WASHINGTON (AP) — The U.S. economy expanded at a solid and unexpected annual rate of 2.1% from January to March, the Commerce Department reported Thursday in its final estimate of first-quarter growth.
Growth in gross domestic product, the country’s output of goods and services, showed a rebound from a 0.5% decline in the last three months of 2025, when a 43-day federal government shutdown weighed on the economy. Thursday’s number was revised upward from Commerce’s previous forecast for first-quarter growth of 1.6%.
Capital investment increased sharply, probably reflecting the capital investment boom. artificial intelligence. but consumption expenditureDemand, which accounts for about 70% of U.S. economic activity, was down significantly from Commerce’s previous estimates for the fourth quarter of 2025, a sign that consumers may be saving money in the face of rising gasoline prices due to the pandemic. war with iran.

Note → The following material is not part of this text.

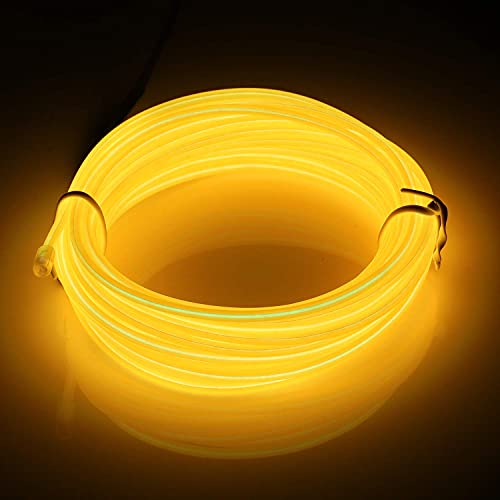 JIGUOOR USB Rechargeable EL Wire Neon Light Strip, 32.8ft/10M(5mx2), Yellow - color: Yellow, size: 32.8ft/10M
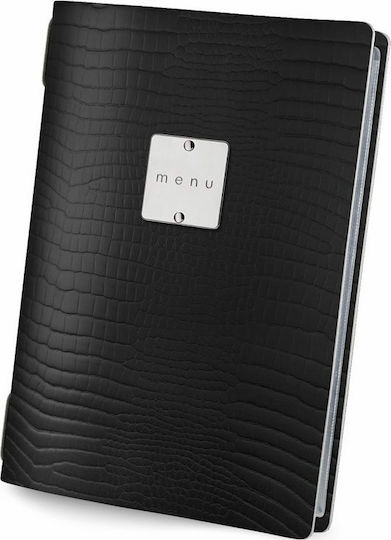 DAG Style Menü-Halter Leder in Schwarz Farbe 21x14.8 cm Golfo Glossy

“It was concerning to see further downward revisions to consumer spending,” Heather Long, chief economist at Navy Federal Credit Union, said in a comment. As the U.S. and Iran continue talks to resolve the conflict, “spending is likely to increase[in the second quarter]but it’s worth watching closely… It’s been a tough few months for American consumers, but we’ve largely weathered it. The question is how much relief we’ll get.”
Private investment, excluding housing, increased by 10.6% from 2.4% in the fourth quarter of 2025. In a sign of the AI boom, investment in information processing equipment soared by 39.9% as companies rushed to equip data centers. But Michael Reid, head of U.S. economics at RBC Capital Markets, said before the report was released on Thursday that he expected data center investment to lose momentum.
Housing investment, weighed down by high interest rates, fell 7.8% in the January-March period, the biggest decline since late 2022 and the fifth straight quarter of decline.
Federal government spending and investment increased 9.4% in the first quarter after declining 16.6% from October to December 2025, primarily due to the government shutdown.
Imports, which are subtracted from GDP, grew at a slower pace than previously estimated for the January-March period. It is still 1.49 percentage points subtracted from the first quarter’s growth rate, but it is down from the 2.59 percentage points previously forecast and was the main factor behind Thursday’s hike.
The US economy, the world’s largest, continues to perform well despite the Iranian energy shock. The U.S. job market has proven particularly resilient. Employers added an average of 188,000 jobs a month from March to May, but will add fewer than 10,000 jobs a month in 2025 amid uncertainty over President Donald Trump’s trade and immigration policies.
Thursday’s report was the Commerce Department’s third and final estimate of first-quarter gross domestic product (GDP) growth. The first report on economic growth for the second quarter is expected on July 30th.